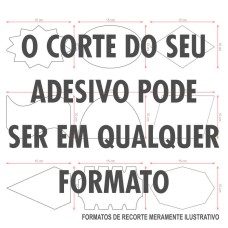Adesivo 15X10cm - Compras somente pelo WattsApp  54 99262 4843 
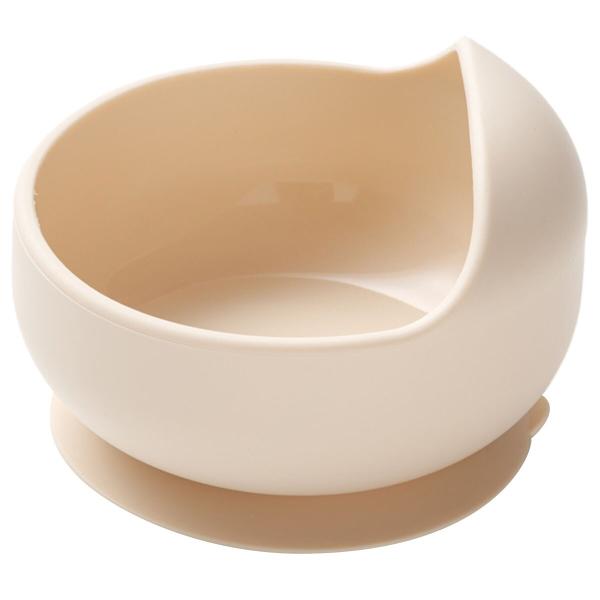 すくいやすいシリコーンボウル(BE) ニトリ 限定価格：1/5迄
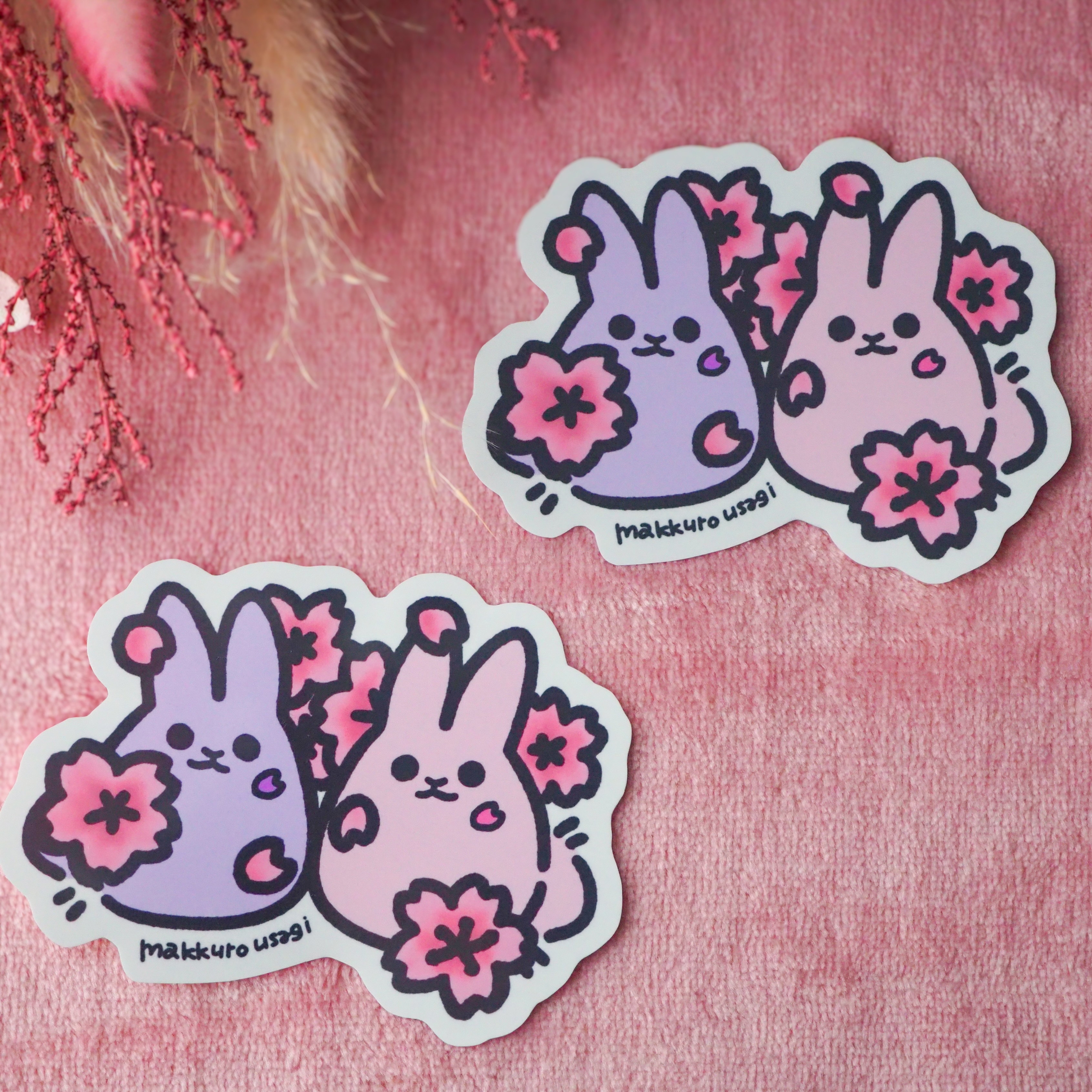 1月のステッカー|イラストサイン会|発送状況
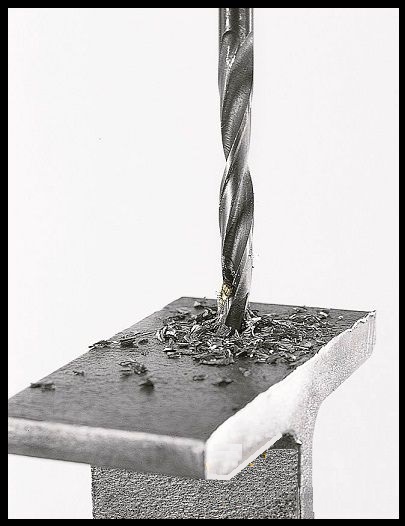 Punta per metallo HSS rullata DIN338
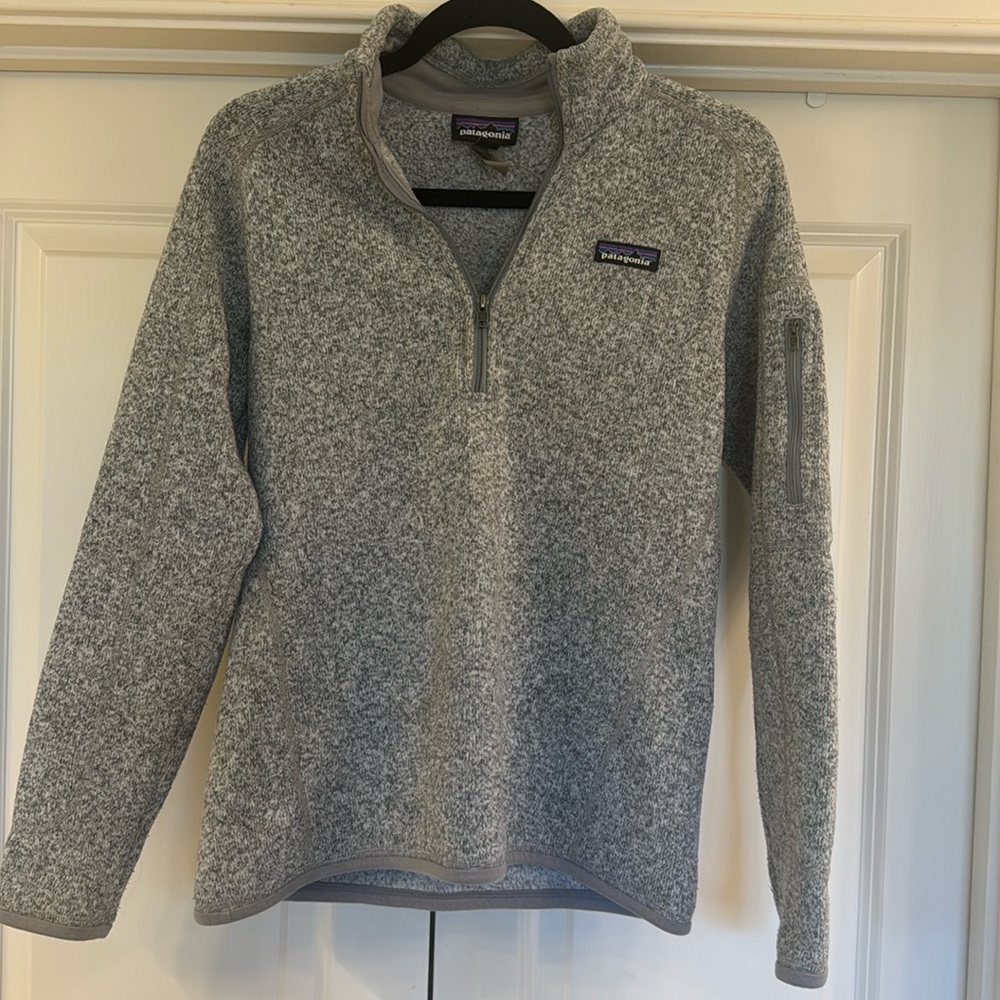Women’s Patagonia Better Sweater quarter zip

○ ○ ○ ○ ○

**PROMPT**
Please write out exactly the lines from the one containing "Punta per metallo HSS rullata DIN338" through the last line of the records above, and leave out any pictures.

**RESULT OF THIS EXERCISE**
 Punta per metallo HSS rullata DIN338
Women’s Patagonia Better Sweater quarter zip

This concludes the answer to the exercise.